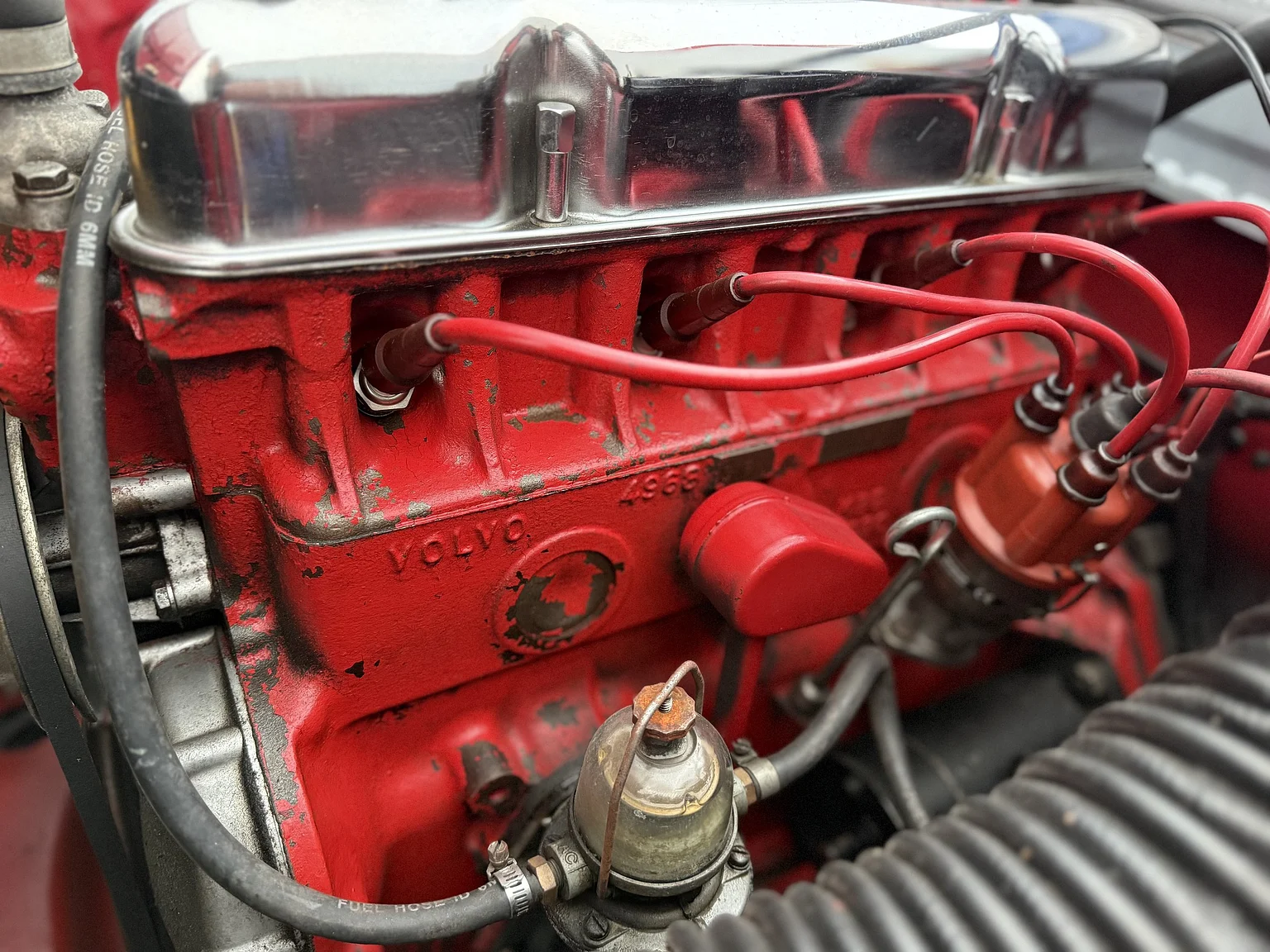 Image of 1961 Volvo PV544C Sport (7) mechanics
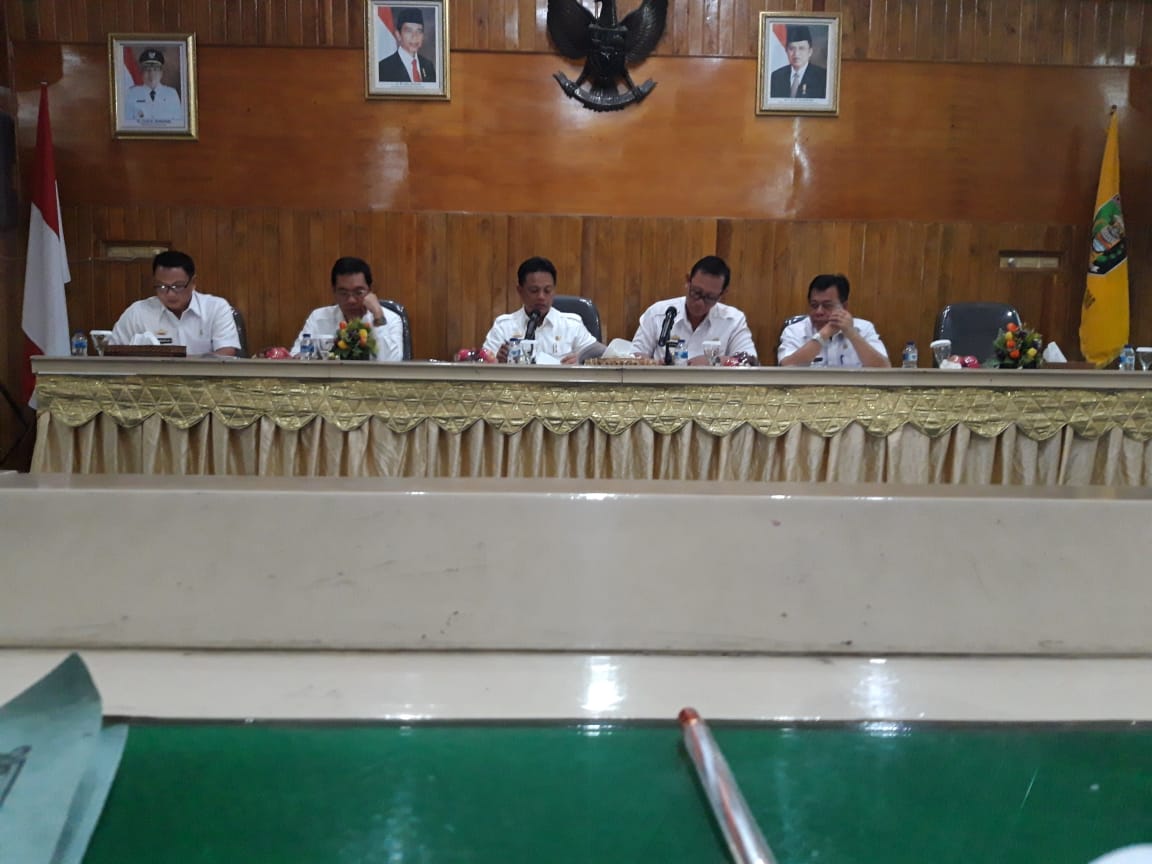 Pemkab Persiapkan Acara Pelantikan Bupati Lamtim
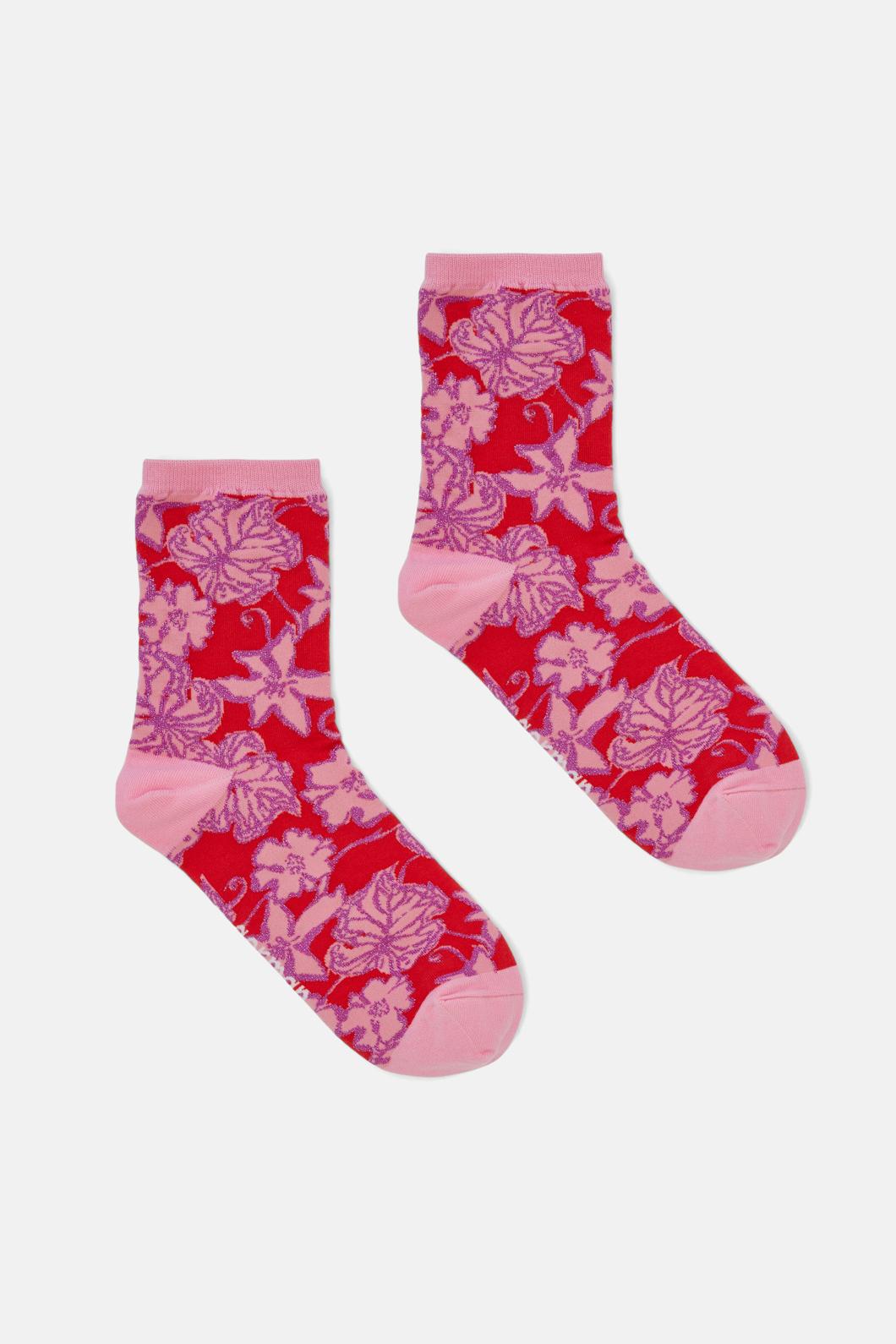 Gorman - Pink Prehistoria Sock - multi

---

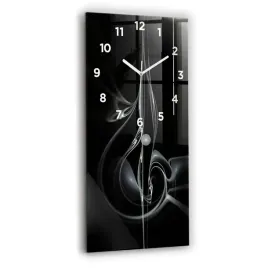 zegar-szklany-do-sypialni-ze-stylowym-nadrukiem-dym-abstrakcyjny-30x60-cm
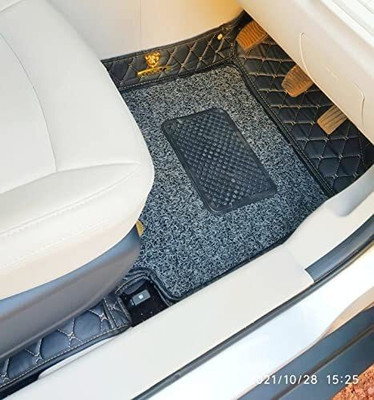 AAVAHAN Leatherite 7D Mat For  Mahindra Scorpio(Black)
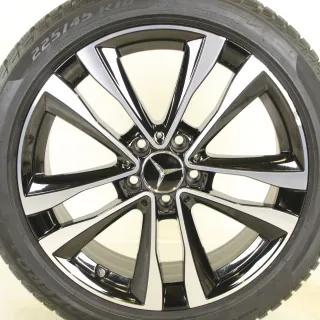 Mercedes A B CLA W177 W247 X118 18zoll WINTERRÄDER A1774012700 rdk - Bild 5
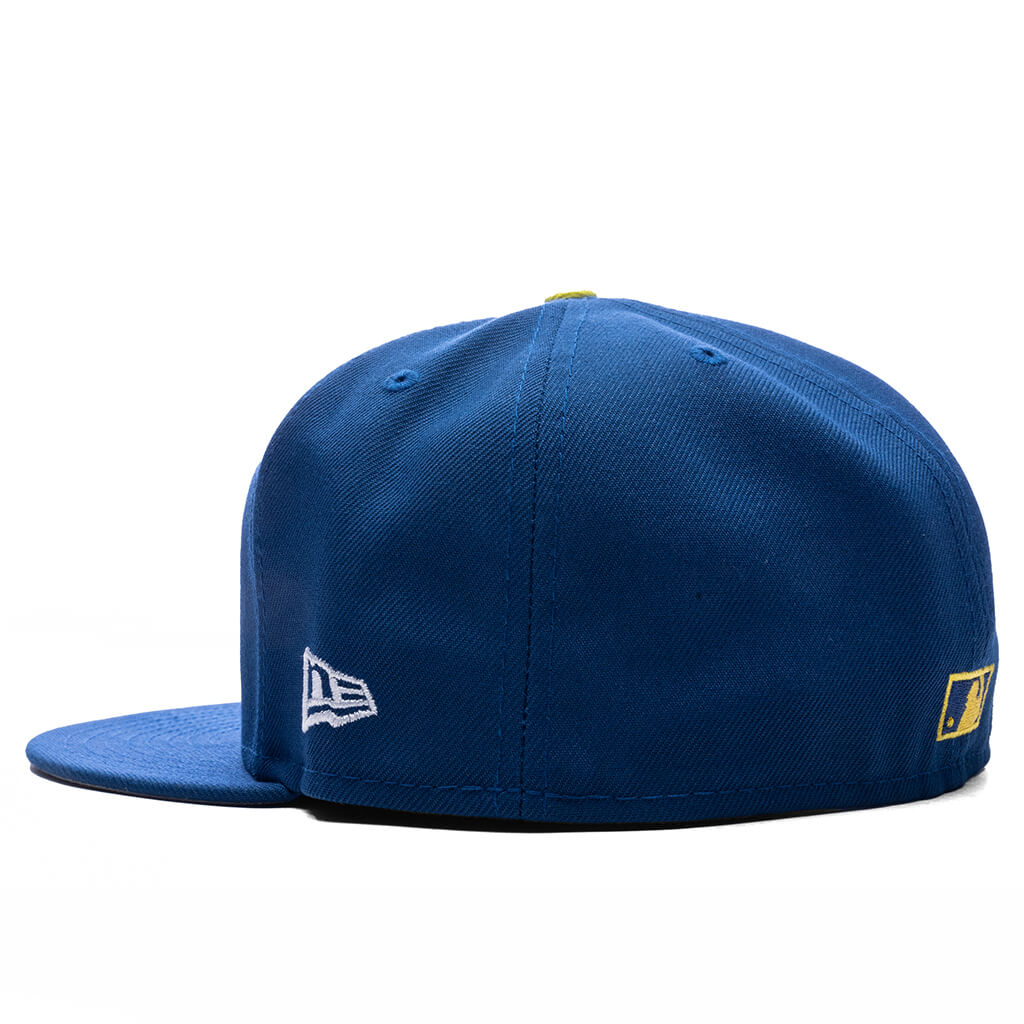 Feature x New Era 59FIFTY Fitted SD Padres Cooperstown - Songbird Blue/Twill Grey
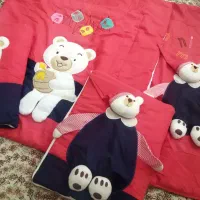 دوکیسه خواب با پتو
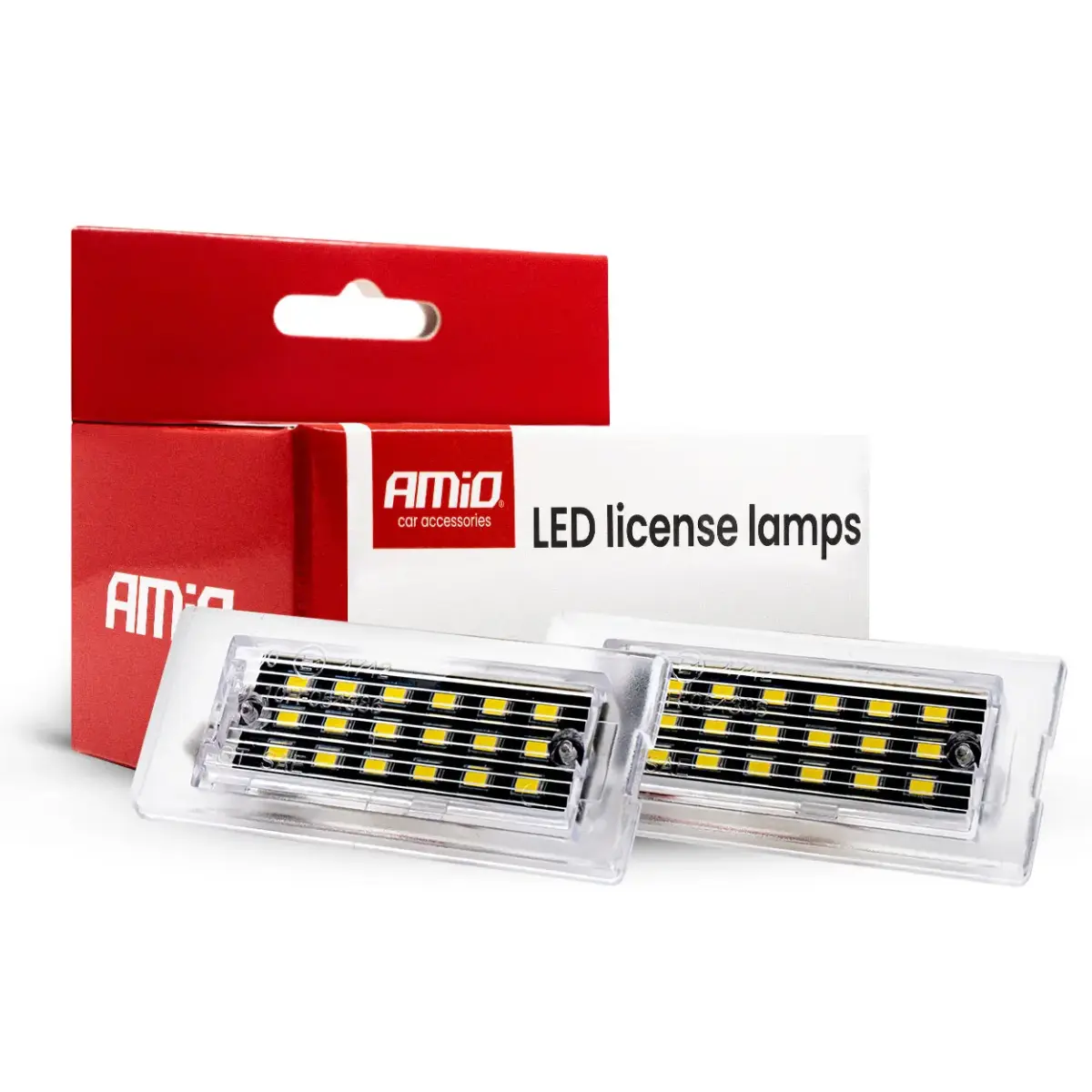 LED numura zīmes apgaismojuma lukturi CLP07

**EXERCISE INSTRUCTIONS**
The expected output is the lines above from the one containing "Mercedes A B" to the one containing "LED numura zīmes apgaismojuma lukturi CLP07", both ends included, reproduced exactly with every picture left out.

**TASK RESULT**
 Mercedes A B CLA W177 W247 X118 18zoll WINTERRÄDER A1774012700 rdk - Bild 5
 Feature x New Era 59FIFTY Fitted SD Padres Cooperstown - Songbird Blue/Twill Grey
 دوکیسه خواب با پتو
 LED numura zīmes apgaismojuma lukturi CLP07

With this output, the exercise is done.